After revolutionizing the world of baseball, Billy Beane, the General Manager of Oakland Athletics, who inspired the book and the Oscar-nominated movie “Moneyball,” has now accepted to become an advisor for the Dutch football club AZ Alkmaar.

A choice made for performance and innovation

Billy Beane is considered to be one of the most influential executives in all sports. AZ’s Director of Soccer, Earnest Stewart, mentioned on AZ’s official website, that Beane “thinks two steps ahead in the area of innovation”.

On the other hand, as stated on the same website, Beane, who goes way back with his passion for soccer, declared: “I am truly excited for the opportunity to be part of AZ Alkmaar in an advisory role.

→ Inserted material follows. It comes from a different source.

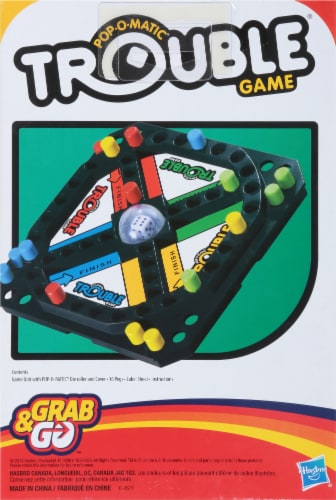 Hasbro Gaming Trouble Grab and Go Board Game Perspective: back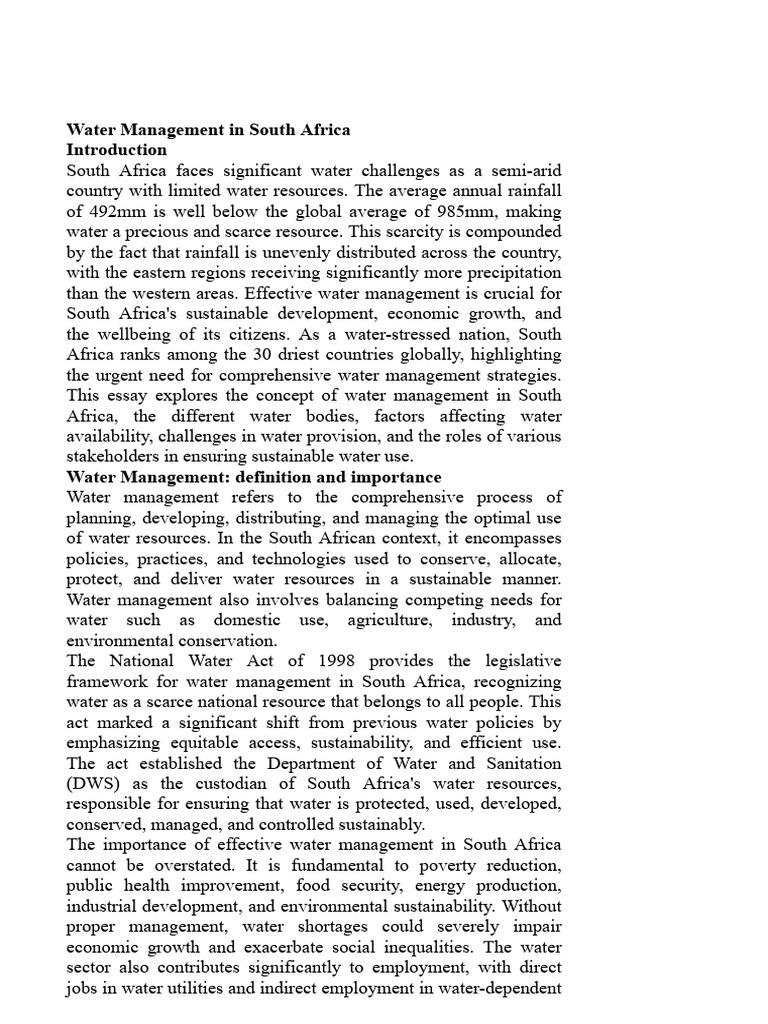 Water Management Challenges in South Africa | PDF | Water Purification ...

Despite being a great football club with a storied history, they face many of the challenges we have with the Oakland A’s. My love for football and AZ’s vision of the future of the club made this an attractive pursuit.”

Moneyball – a game of statistics and performance

Almost twenty years ago, Beane defied all odds as the General Manager of the Oakland A’s, by defeating the big market clubs on a regular basis, despite having a lower budget. One of the ideas behind Moneyball is to obtain maximum value for each player bought or sold or, in stock market terms, to sell high and buy low.

As Beane declared for The Telegraph in 2011, “you want to make sure you are getting more value than you are paying. That may come in the form of a very expensive player, it may come in the form of a very young player, but it’s not about being cheap or not spending money.”

performance in sports

The main idea behind Moneyball is that of sabermetrics, the search for objective knowledge about baseball, as defined by the Society for American Baseball Research. What sabermetrics is actually about, in more simple words, is the usage of data analysis in order to find value.

As Billy Beane, quoted by The Guardian, declared: “our aim is to properly allocate credit and blame to a player. In baseball you can do something poorly and still get credit. A pitcher could throw a bad ball, the batter hit a screaming line drive, and an outfielder make a fantastic diving catch. Yet when you look at a historical databases, 80% of the time when a ball is struck with that trajectory and velocity it is a hit. So because a superior defender caught it on that play, you should probably credit the hitter in some way and take away from the pitcher. Traditional stats don’t do that. They only credit outcome. They don’t credit process.”

The question that is raised now is whether the same methodology can be successfully implemented in soccer, a game where tracking and analyzing players’ performance is considered to be more difficult, where players are more rarely traded for one another, and the differences between rich and poor clubs are way more visible than in baseball.

At the end of the day, it’s all about good management and innovation

What the entire Moneyball methodology, along with Beane’s shift towards football, have to say in terms of sports management is that all teams are, essentially, businesses, whose long-term success is greatly influenced by their ability to innovate and to base their decisions on data. These teams’ performance, just like any other organizations’, is highly dependent on managerial decisions and the capacity to keep up with change. From baseball to soccer, and from boxing to figure skating.